A un signo de su superior, el guardia salió, y M.
Beauquesne, tras una muda presentación, se retiró tambien, dejando solos a los
dos colegas, frente el uno al otro, mirándose.
La Pommerais, en silencio, señaló al doctor su propia silla, y fue luego
a sentarse en la cucheta de la cual los durmientes, en su mayor parte, son
despertados de la vida en un sobresalto. Como se vela poco, el gran médico se
acercó al... enfermo, para observarlo mejor y poder conversar en voz baja.
Velpeau entraba ese año en los sesenta. En el apogeo de su renombre, heredero
del sillón de Larrey en el Instituto, primer profesor de clinica quirúrgica de
París y, por sus obras, todas de un rigor de deducción tan claro y tan vivo,
una de las luces de la ciencia patológica, el distinguido médico se imponia ya
como una de las cumbres de la ciencia. Tras un frío momento de silencio: -Señor
-dijo-, entre médicos debemos ahorrarnos inútiles condolencias. Por otra parte,
una afección de la próstata (que, seguramente, me matará dentro de dos años o
dos años y medio) me clasifica también, con una diferencia de pocos meses, en
la categoría de los condenados a muerte. Sin preámbulos, pues, vayamos a los
hechos.
-Entonces, según
usted, doctor, mi situación jurídica es... ¿desesperada? -interrumpió La
Pommerais. -Así se teme -respondió simplemente Velpeau. -¿Está fijada mi hora?
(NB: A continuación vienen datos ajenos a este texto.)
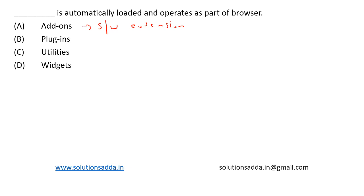The second one is plugin. It is a software component that improves the existing computer program by introducing new features, and they are loaded and operate as part of the browser. So option B, plugin, is the correct answer.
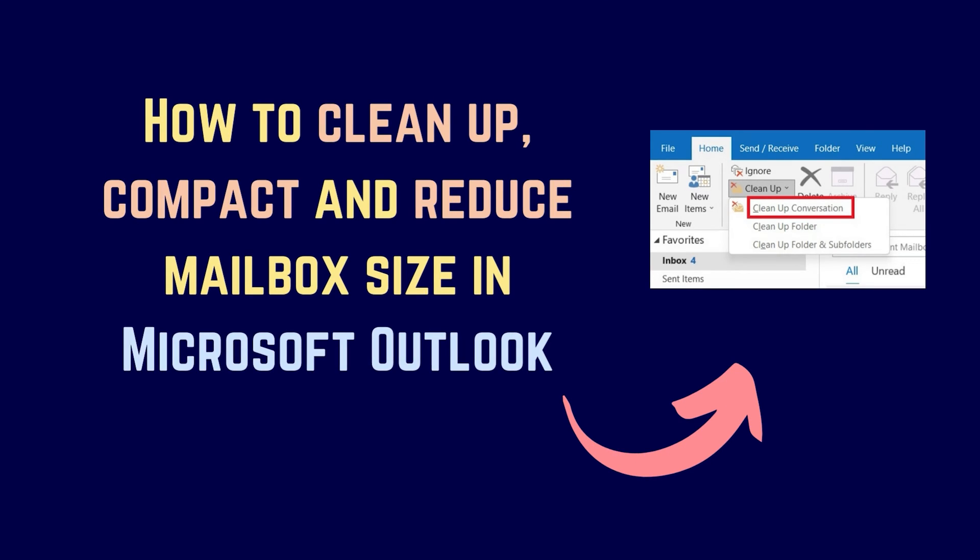Do you wish to clean up, compact, or reduce mailbox size in Microsoft Outlook? I will help you with the same.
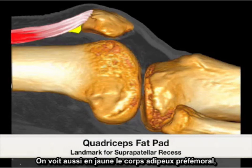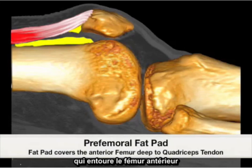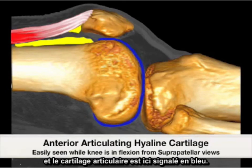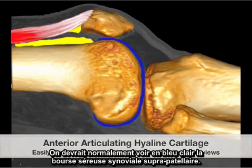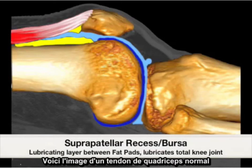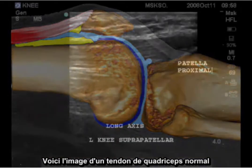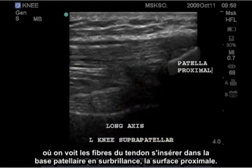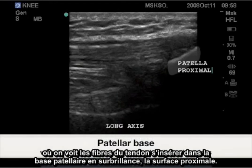Also highlighted in yellow is the perifemoral fat pad, which surrounds the anterior aspect of the femur. Highlighted in blue is the anterior articular hyaline cartilage, and in light blue is the normal synovial recess of the suprapatellar bursa. Here is the corresponding normal quadriceps tendon image as the tendon fibers insert to the highlighted patellar base, the proximal surface.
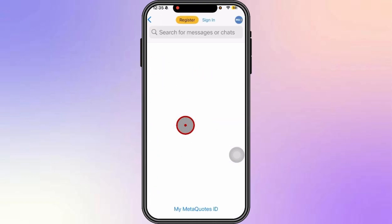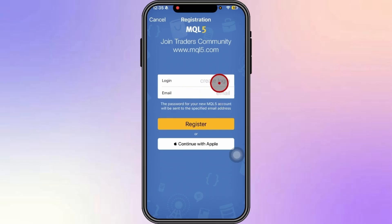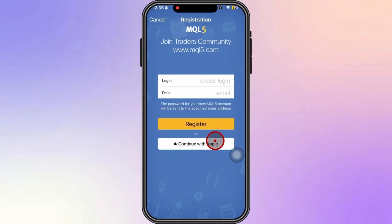Click on 'Chat and Messages', and from here you can see the register button. Click on it and start creating an account by entering a login credential and email address, then simply click the register button. You can also sign up using your Apple account.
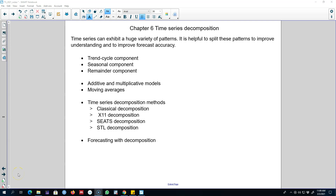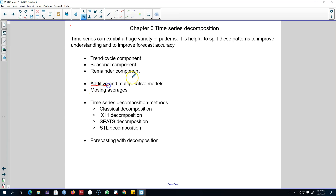In this chapter I'm going to talk about three components of a time series and the ways to extract those components individually. First we will extract the trend-cycle component, then the seasonal component, and whatever is left over will be called the remainder component. We can use two types of models: the first is called an additive model, in which all components enter additively, and the second is called a multiplicative model, in which the three components of y_t enter in multiplicative form.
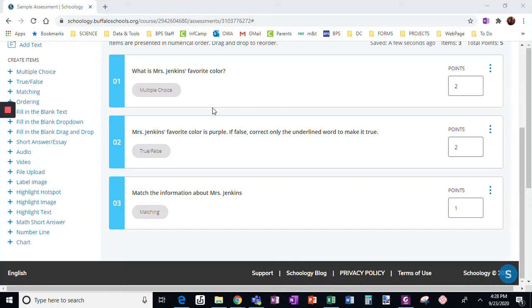Before I show you the next type of question, I want to show you again how to change the point value. Since that matching question had four things to match, I almost always change the point value — usually based on the number of responses.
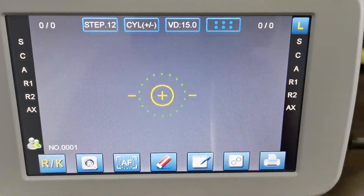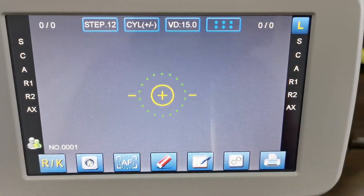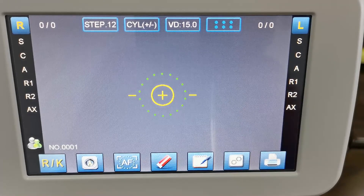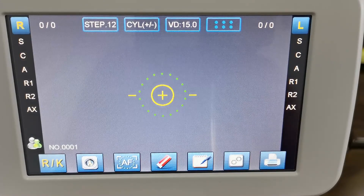All right, that's it for the illustration of the software interface for our autorefractometer.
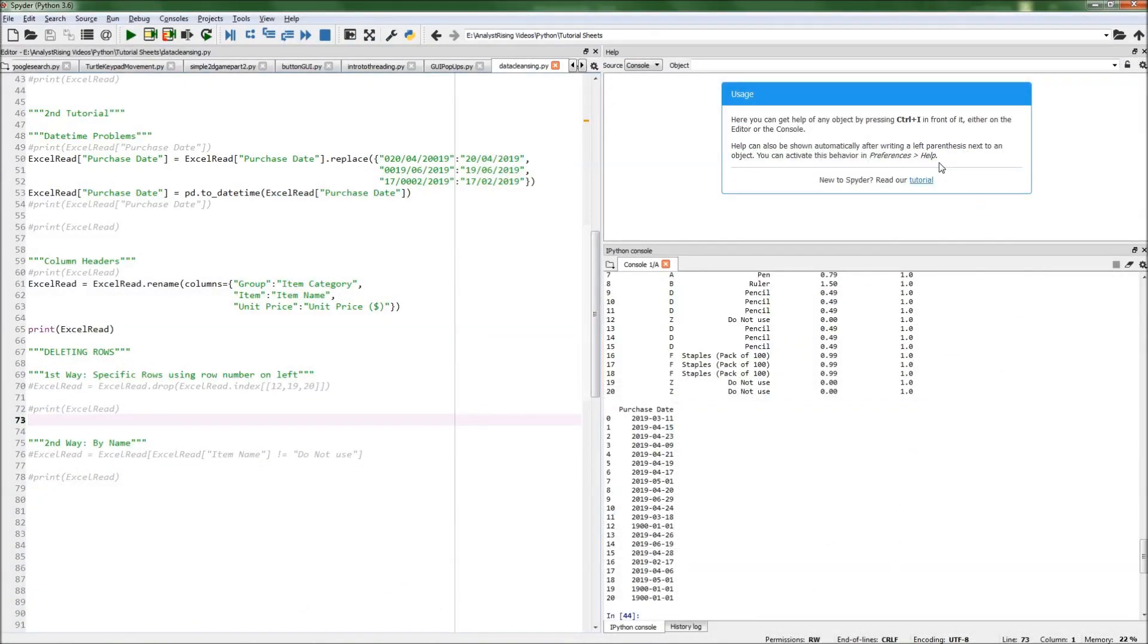Hello and welcome to this Python tutorial. Today I will be showing you two different ways you can use Python to delete rows from your imported data.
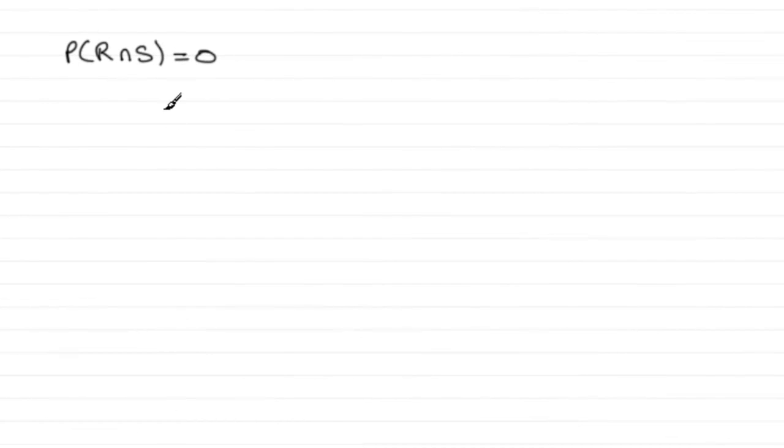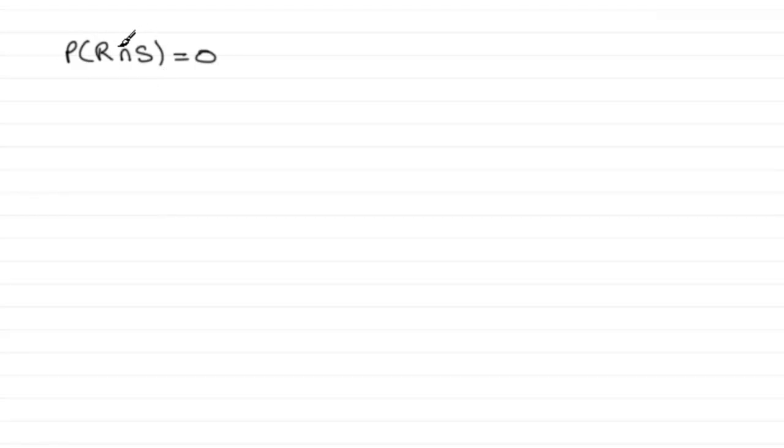Now we've got to state in this part of the question the relationship between the two events R and S when the probability of R intersected with S equals 0.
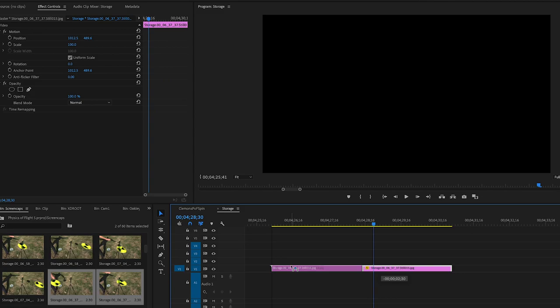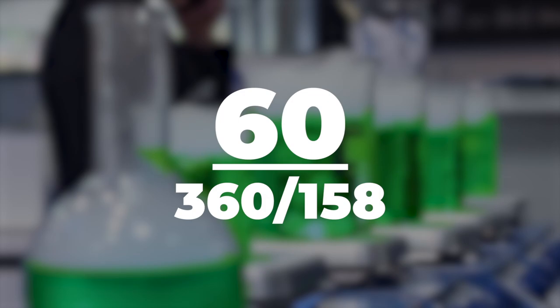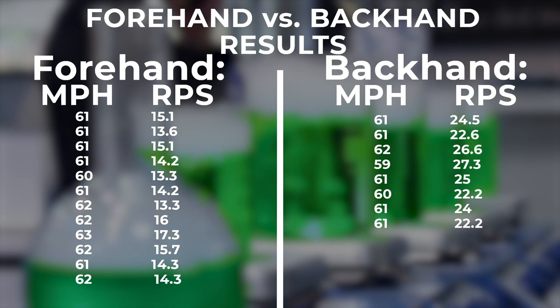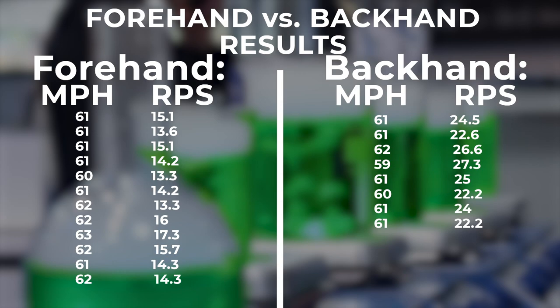To find the rotations per second, I took two frames from when the disc was in view of the secondary camera and rotated the second one backwards until the markings matched up with the first frame. Then I divided 360 by the amount of rotation and divided 60 by that result to get revolutions per second. The forehand had an average speed of 61.4 mph with an average of 14.75 revolutions per second. The backhand had an average speed of 60.75 mph with an average of 24.3 revolutions per second — so the forehand was rotating about 10 revolutions per second slower than the backhand.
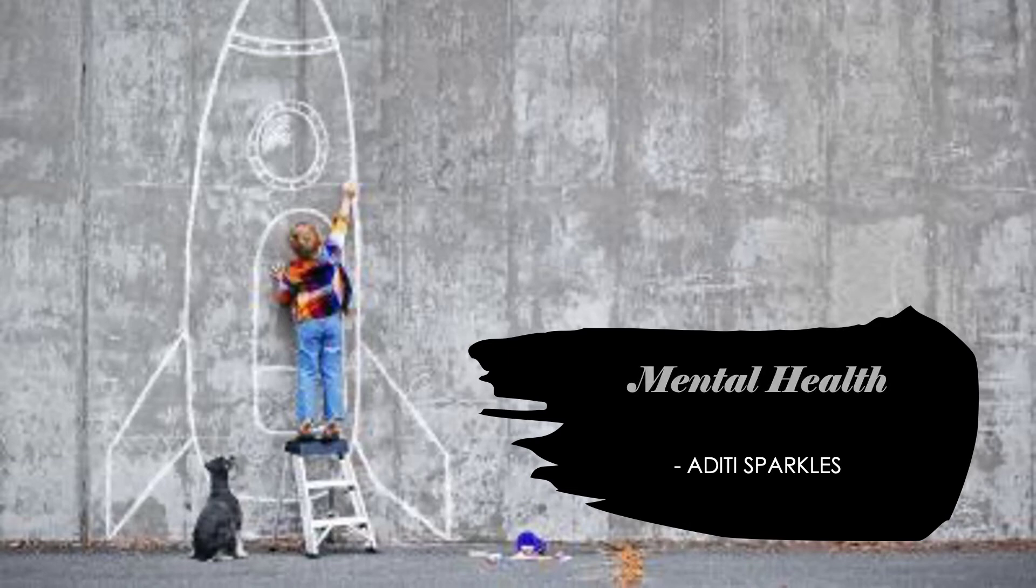Hey guys, it's me, Atiti Sparkle. So today I'm going to be talking about mental health.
-No lo sé; pero como nada se ha determinado aún a su
respecto, puede seguramente contar con algunos días. La Pommerais se pasó la
manga de la camisa de fuerza por su pálida frente. -Sea. Gracias. Estaré
dispuesto: ya lo estoy. Ahora, cuanto más pronto, mejor. -Como su recurso no ha
sido rechazado, al menos hasta ahora -continuó Velpeau-, la proposición que voy
a hacerle solo es condicional. ¡Si se salva usted, tanto mejor!... Si no... El
gran cirujano se detuvo. -¿Si no?... -preguntó La Pommerais. Velpeau, sin
responder, extrajo del bolsillo un pequeño estuche, lo abrió, sacó un bisturí
y, cortando la camisa en la muñeca izquierda, apoyó el dedo medio sobre el
pulso del joven condenado. -Señor de La Pommerais -dijo-, su pulso me revela
una sangre fría y una firmeza raras. El paso que doy ante usted (y que debe
mantenerse en secreto) tiene por objeto una suerte de ofrecimiento que, aún
dirigido a un médico de su energía, a un espíritu templado en las convicciones
positivas de nuestra ciencia y bien liberado de los temores fantásticos de la
muerte, podría parecer una extravagancia o una irrisión criminal. Pero sabemos,
creo, quiénes somos. Usted la tomará, pues, en atenta consideración, por
turbador que pudiera parecerle en el primer momento. -Mi atención le está
asegurada, señor -contestó La Pommerais. -No ignora usted -siguió Velpeau-, que
una de las cuestiones más interesantes de la fisiología moderna es saber si
persiste algún resplandor de memoria, de reflexión, de sensibilidad real en el
cerebro del hombre, después de seccionada la cabeza...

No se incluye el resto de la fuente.